**EXERCISE DETAILS:**
Please output exactly the lines from the one that holds "arm-tattoo totenkopf und schlange" through the final line of the data, and nothing else; leave out any pictures.

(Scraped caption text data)

┏━━

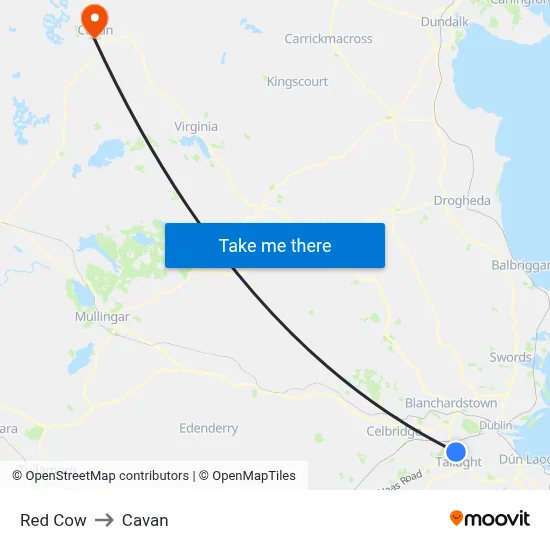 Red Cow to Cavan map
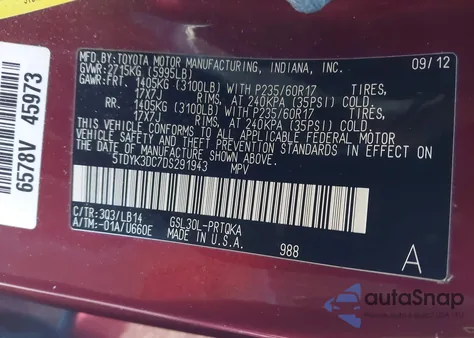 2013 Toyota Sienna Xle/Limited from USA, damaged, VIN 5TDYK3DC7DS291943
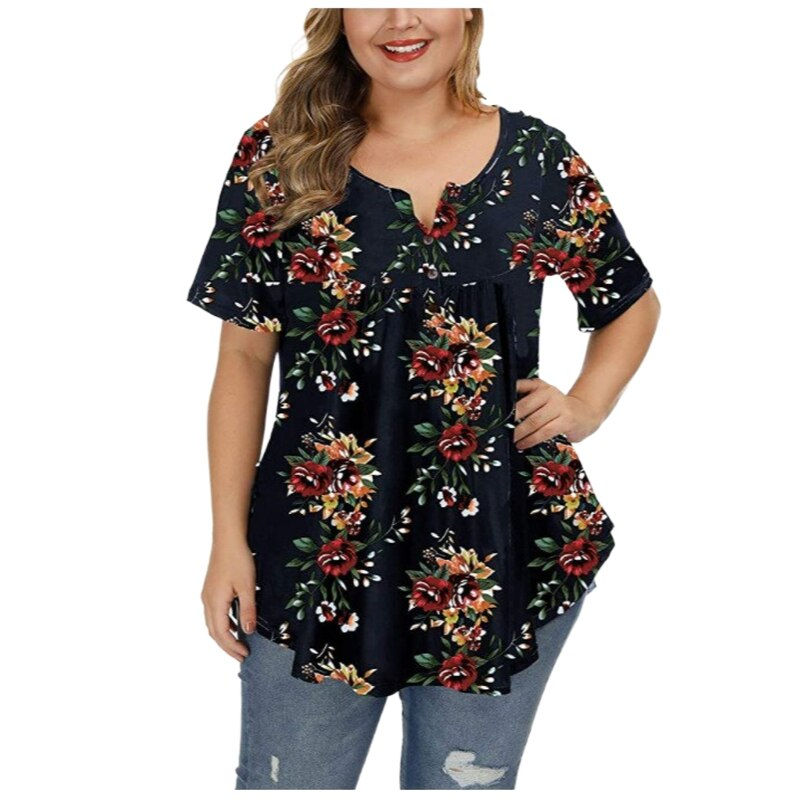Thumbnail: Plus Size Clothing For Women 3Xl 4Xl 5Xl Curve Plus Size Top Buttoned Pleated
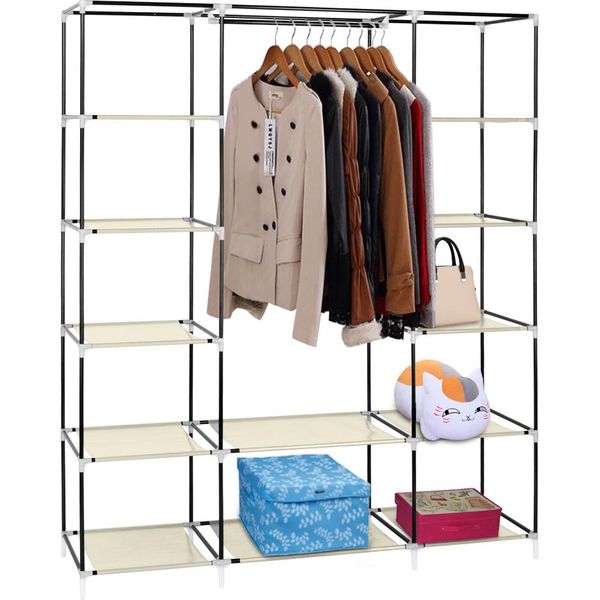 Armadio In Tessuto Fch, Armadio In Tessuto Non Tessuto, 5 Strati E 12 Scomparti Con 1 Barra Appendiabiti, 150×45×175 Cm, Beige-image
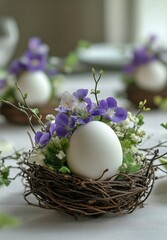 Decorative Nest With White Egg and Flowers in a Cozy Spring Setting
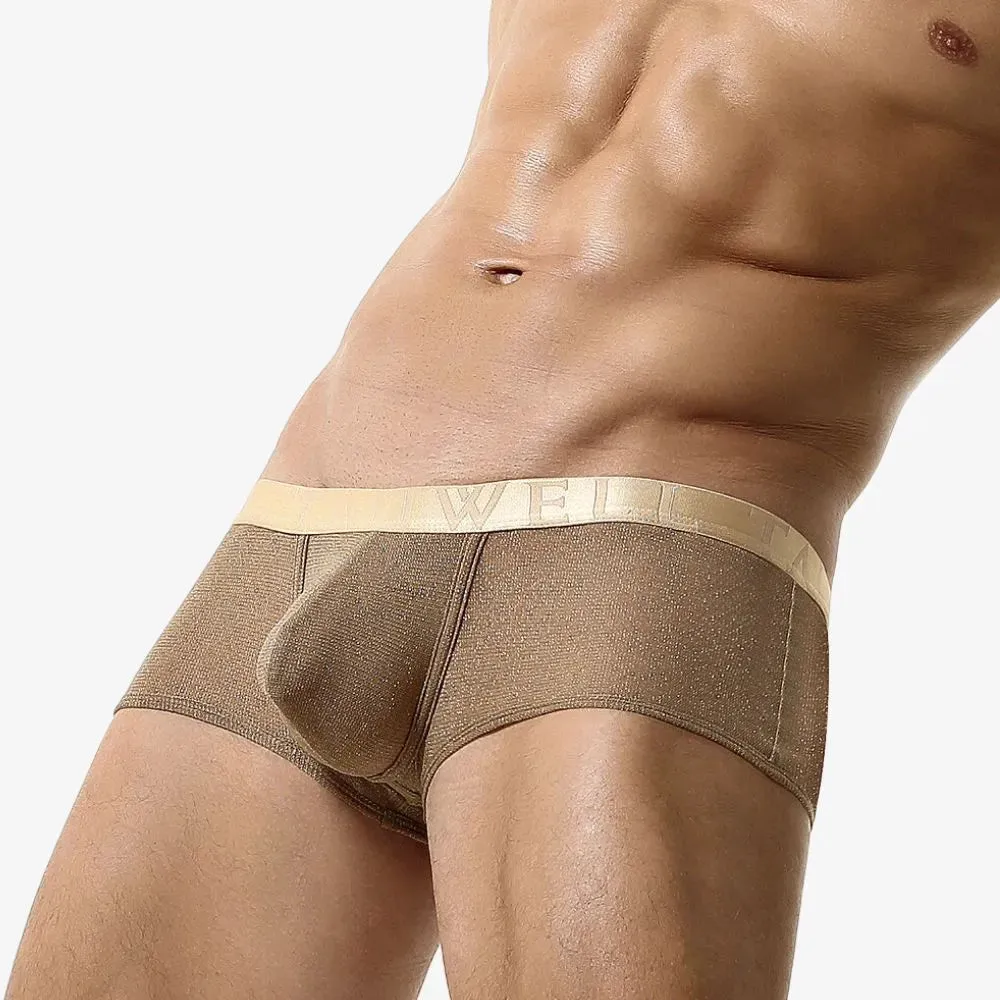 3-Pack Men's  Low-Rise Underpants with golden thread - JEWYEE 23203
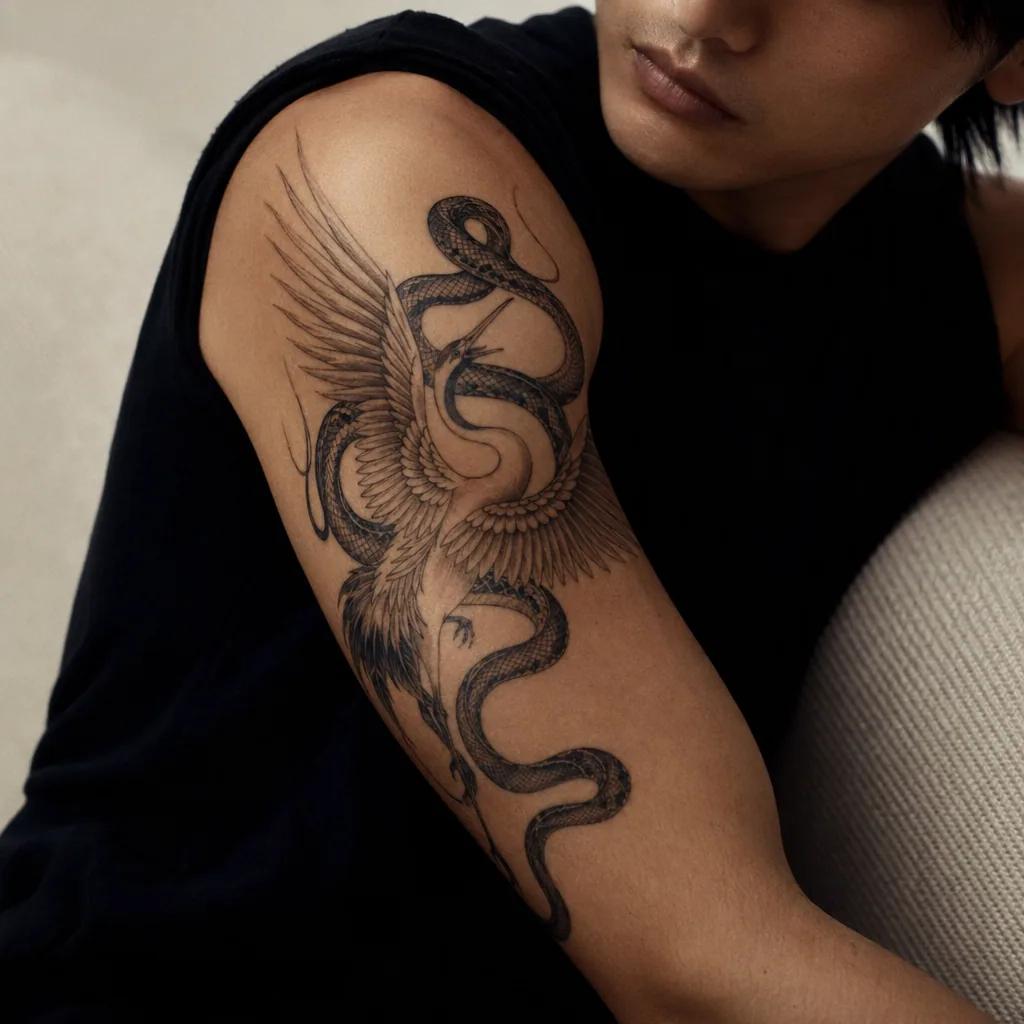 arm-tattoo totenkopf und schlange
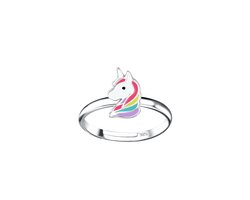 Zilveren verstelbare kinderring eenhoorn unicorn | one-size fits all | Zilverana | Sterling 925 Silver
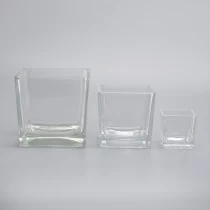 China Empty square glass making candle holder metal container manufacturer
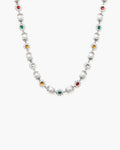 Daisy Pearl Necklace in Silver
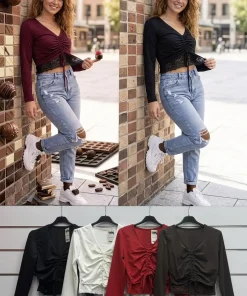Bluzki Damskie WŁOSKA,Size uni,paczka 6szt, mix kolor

┗━━

**RESULT OF THIS TASK:**
 arm-tattoo totenkopf und schlange
 Zilveren verstelbare kinderring eenhoorn unicorn | one-size fits all | Zilverana | Sterling 925 Silver
 China Empty square glass making candle holder metal container manufacturer
 Daisy Pearl Necklace in Silver
Bluzki Damskie WŁOSKA,Size uni,paczka 6szt, mix kolor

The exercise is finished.